First, while the current rebound seems to have come from businesses which had been planning to come to the market for a while, there will always be companies whose valuations at flotation don’t hold up in the long term. The risks are shown by smaller insurer Esure, which has lost 20 per cent off its valuation since its flotation in March.
Secondly, many of the businesses listed in recent months have been spun out by private equity houses or other large owners, like Royal Bank of Scotland’s flotation of Direct Line. Such IPOs hold risks for investors, as owners may simply be getting rid of their less attractive assets.
Yet Direct Line, like other high profile IPOs of the year, has performed well since flotation. Royal Mail, estate agent Foxtons, and Madame Tussauds’s owner Merlin Entertainment have all hit or exceeded expectations. There has even been an investigation launched by the UK government into whether Royal Mail, the largest European IPO to price as of the end of October, was sold off too cheaply.

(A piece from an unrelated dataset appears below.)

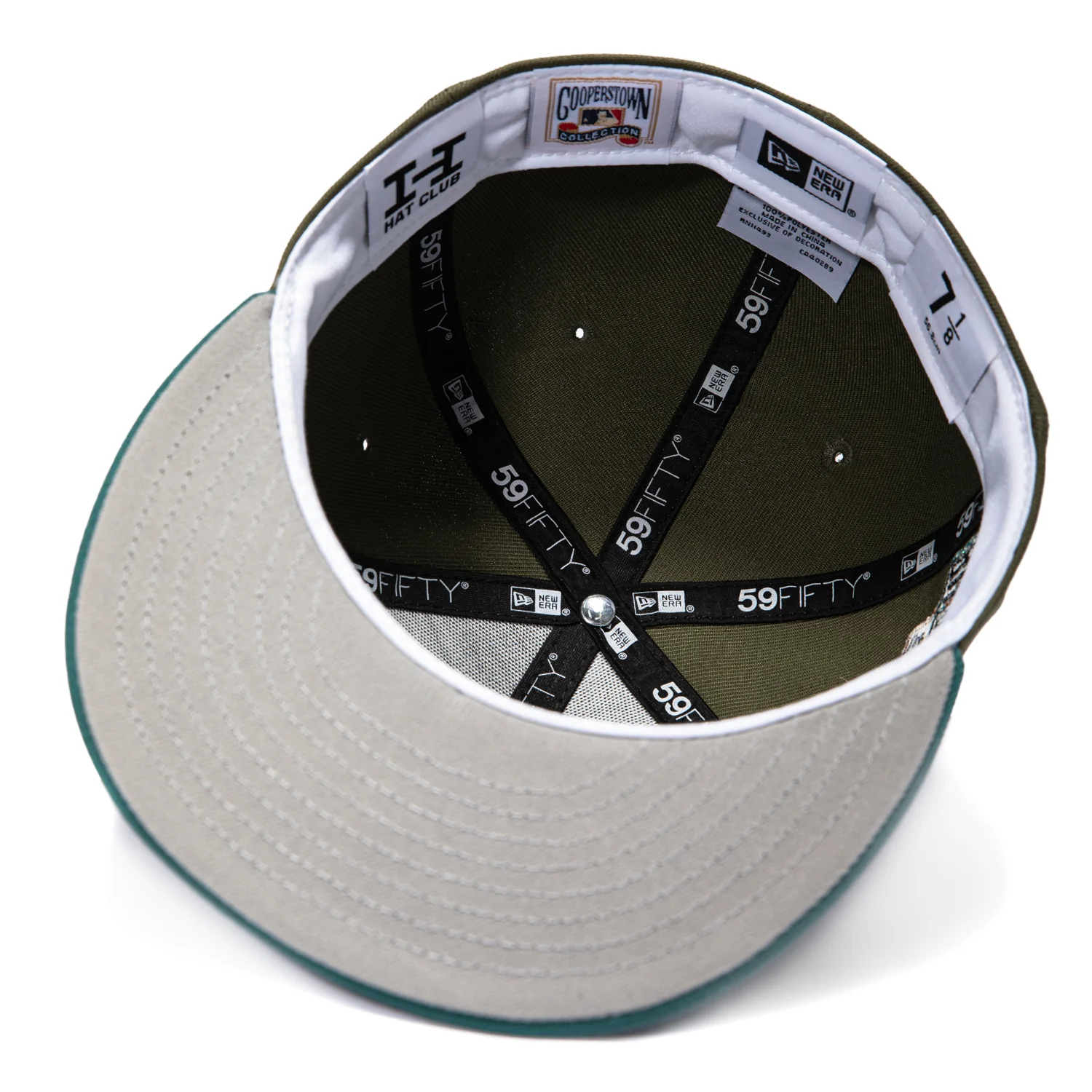 New Era 59Fifty Philadelphia Phillies 1996 All Star Game Patch Shadow Hat - Olive, Green - Image 2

But whether the short-term benefits shareholders have received can be sustained is a different question. The average one-day return for London Stock Exchange-listed IPOs stood at 6.5 per cent in 2013 at the start of November, the highest level since 2003. A boom in IPOs is usually viewed as a signal of general return to health in the economy and optimism among local investors. But this is not yet the case in moribund Europe, where growth is still slow after a double-dip recession, or even in the faster-growing UK.
This is where we get to the crunch point. Europe’s boom has been fuelled by inflows from US investors, who are awash with cheap capital after a succession of loose monetary policy manoeuvres by the US Federal Reserve. Whether the IPO boom can continue when these measures come to a close – as they surely must soon – is another matter.